The amendment defines the roll-your-own outlets as cigarette manufacturers, making them subject to the $1-a-pack federal excise tax, as well as state cigarette taxes.

"It will basically put the companies out of business," West Virginia Tax Commissioner Craig Griffith said Tuesday. "They will no longer have a price advantage over cigarettes sold in retail stores."

Nationally, roll-your-own outlets -- where customers buy loose tobacco, rolling papers and filters and put those products into machines that produce individual cigarettes -- began to proliferate in 2009, when the federal cigarette tax increased from 39 cents to $1 a pack.

Locally, the stores sell the equivalent of a carton of cigarettes for about $30, or roughly $12 to $15 less than a carton of name-brand cigarettes.

The savings can almost be entirely attributed to the difference between the $15.50 of state and federal taxes on a carton of cigarettes and the much lower tax rates for pipe tobacco, used to manufacture the roll-your-own cigarettes.

West Virginia has a 7 percent excise tax on pipe tobacco.

"Without the price advantage, if the taxes are equal, they're probably not going to be in business anymore," Griffith said of the outlets.

In September 2011, a Kanawha Circuit Court ruling held that the roll-your-own outlets are cigarette manufacturers and ordered the defendant in the case, a Moundsville outlet, to pay $82,500 in back taxes.

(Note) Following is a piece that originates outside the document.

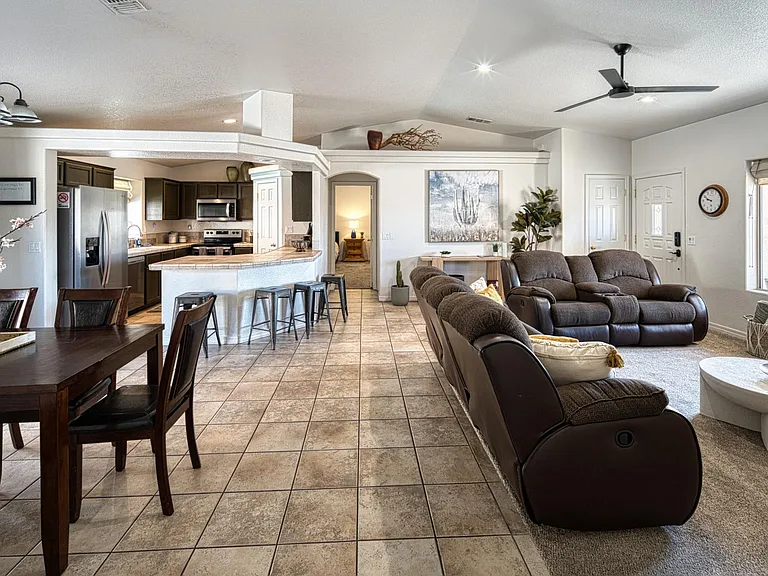 1781 Cabana Dr — Photo 3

That case is on appeal to the West Virginia Supreme Court, with oral arguments tentatively scheduled for this fall. However, John Dalporto, a senior assistant attorney general, said he's hopeful the new law will moot the case.

"If I were them, I think I would withdraw the appeal. I would just call it quits," said Dalporto, who said the new federal law resolves the primary issue in the case.